We examined whether nitric oxide (NO), a possible cardioprotective substance, can increase the production of interstitial adenosine in the ventricular myocardium. A flexibly mounted microdialysis technique was used to measure the concentration of interstitial adenosine and to assess the activity of ecto-5'-nucleotidase in in vivo rat hearts. The microdialysis probe was implanted in the left ventricular myocardium of anesthetized rats and perfused with Tyrode solution containing adenosine 5'-monophosphate (AMP) at a rate of 1.0 microl min-1. The concentration of adenosine in the effluent (dialysate) was measured by high-performance liquid chromatography. Dialysate adenosine obtained during perfusion with the AMP-containing solution through the probe originated from the hydrolysis of AMP by endogenous ecto-5'-nucleotidase, and the level of adenosine reflected the activity of ecto-5'-nucleotidase in the tissue. S-Nitroso-N-acetylpenicillamine (SNAP, 0.3-3 mM), an NO donor, increased the dialysate adenosine measured in the presence of AMP (100 microM) in a concentration-dependent manner. However, in the presence of an NO-oxidizing agent, 2-(4-carboxyphenyl-4,4,5, 5-tetramethylimidazoline)-1-oxyl 3-oxide (carboxy-PTIO, 1 mM), the effect of SNAP was abolished.

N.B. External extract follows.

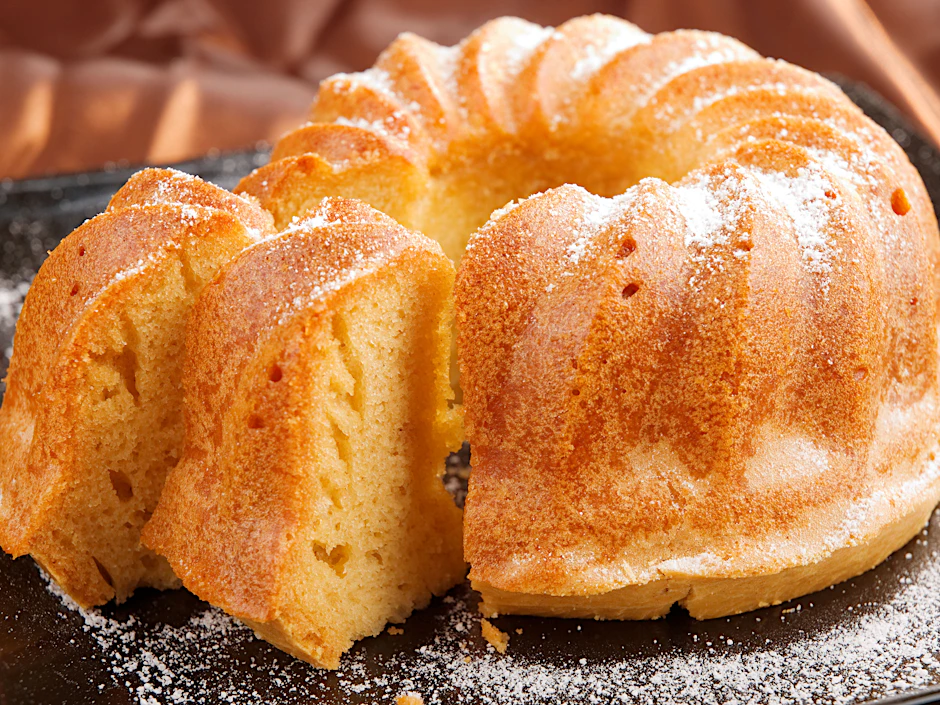 Der Rührkuchen mit Vanillepudding ist ein einfacher, dabei sehr leckerer Kuchen wenn es schnell gehen soll oder man keine Lust auf großen Aufwand beim Backen hat.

Another NO donor, (+/-)-(E)-4-ethyl-2-[(E)-hydroxyimino]-5-nitro-3-hexenamide (FK409, 1 mM) also increased adenosine production. 8-Bromo-cGMP (0.1-3 mM), a membrane-permeable cGMP analogue and a potent activator of cGMP-dependent protein kinase, increased the level of AMP-primed dialysate adenosine in a concentration-dependent manner. These results suggest that NO facilitates the production of interstitial adenosine in rat hearts in situ, via cGMP-mediated activation of ecto-5'-nucleotidase.